The Interior Ministry named an eight-member panel of historians, most of them based in Israel or Germany. Interior Minister Nancy Faeser underlined Germany's commitment to “a thorough reappraisal of what happened.”
The commission will also “rigorously examine the period before and after” the attack, Faeser said in a statement. “It is particularly important to me for their work to also thoroughly address the treatment of the family members after the attack.”
In September, German President Frank-Walter Steinmeier apologized for multiple failures by his country before, during and after the attack as he joined his Israeli counterpart and relatives of the slain athletes at a ceremony marking the 50th anniversary.

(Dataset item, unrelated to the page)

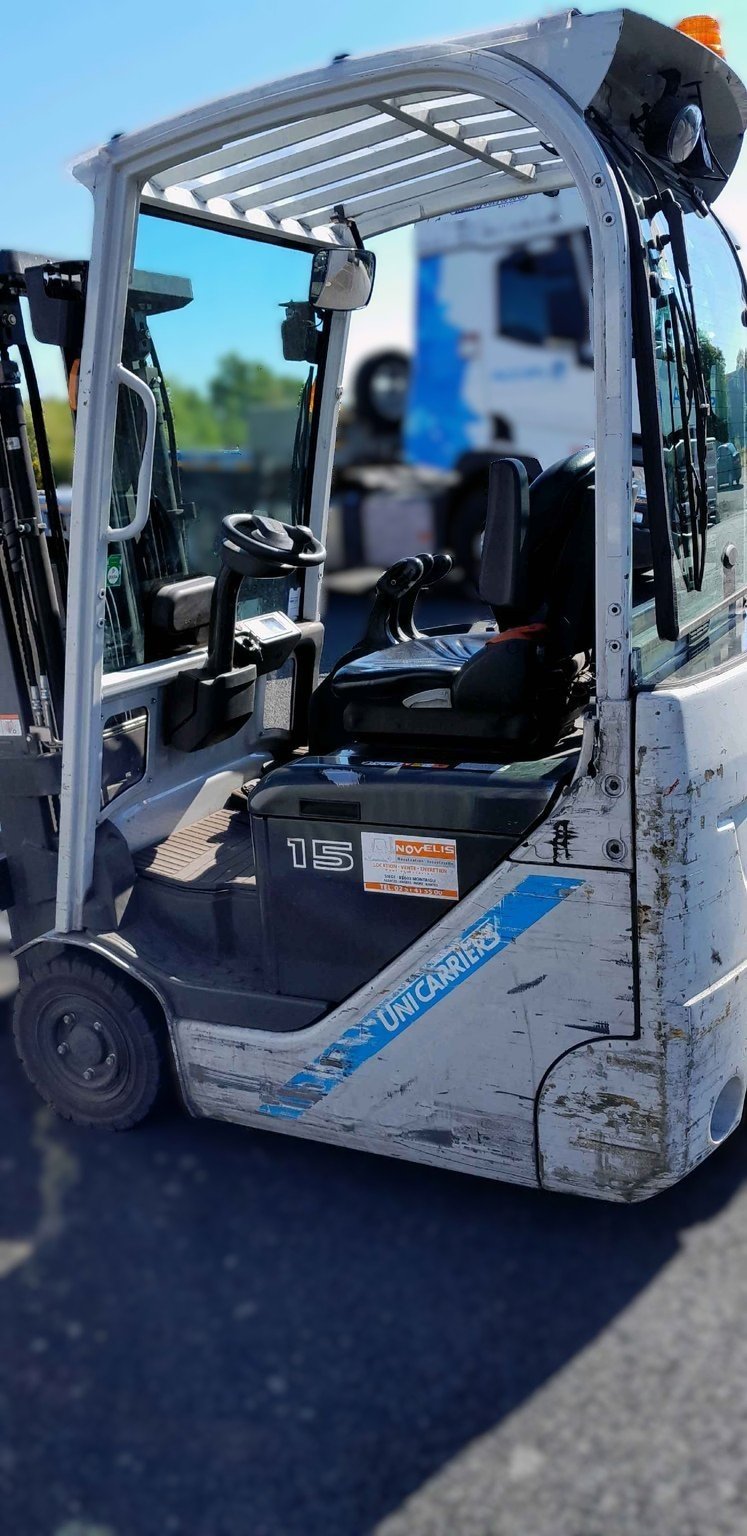 Chariot élévateur frontal UniCarriers TX3-15C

An agreement days earlier for the relatives to receive a total of 28 million euros ($30.7 million) in compensation — a sum that includes much smaller payments made earlier — headed off a threatened boycott of the event. Germany also agreed to acknowledge failures by authorities at the time and to set up the review by historians.
Before dawn on Sept. 5, 1972, eight members of a Palestinian group called Black September clambered over the unguarded fence of the Olympic village. They burst into the building where the Israeli team was staying, killing wrestling coach Moshe Weinberg and weightlifter Yossi Romano.

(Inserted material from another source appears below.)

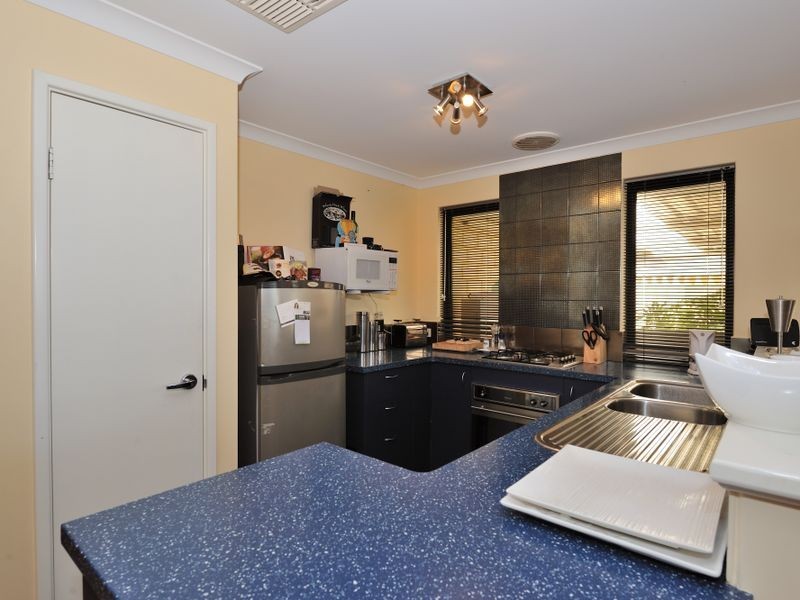 3 Edgbaston Crescent, Port Kennedy WA 6172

Some Israeli athletes managed to escape but nine were seized. The captors demanded the release of more than 200 Palestinians held by Israel and two German left-wing extremists in West German prisons.
The attackers demanded a plane and safe passage to Cairo. After a day of negotiations, the assailants and their hostages were allowed to leave aboard two helicopters for the Fuerstenfeldbruck airfield outside Munich.
Sharpshooters at the airfield opened fire. The attackers threw a grenade into one of the helicopters carrying hostages, which exploded, and shot the hostages in the other helicopter. The botched rescue attempt also left a West German police officer and five of the assailants dead.
Friday's German Interior Ministry statement said that the research project's work and findings “will be documented transparently for the public” and that other experts with “additional expertise on various topics” also will be included in the panel's work. It said that a first meeting on the project is planned around the time of the 51st anniversary later this year, but didn't specify when the commission is expected to deliver its “comprehensive scholarly account.”
It said that Germany's Leibniz Institute for Contemporary History will conduct an accompanying research project and will help the expert commission.
Ankie Spitzer, the widow of fencing coach Andre Spitzer, said in the statement that the victims' families “are very pleased that our request to open the archives and establish a commission of historians has been honored."
“We are grateful to the distinguished members of the commission that they are willing to re-examine the murderous attack and its aftermath,” she added. “This is of the utmost importance to the families and hopefully will bring justice to history.”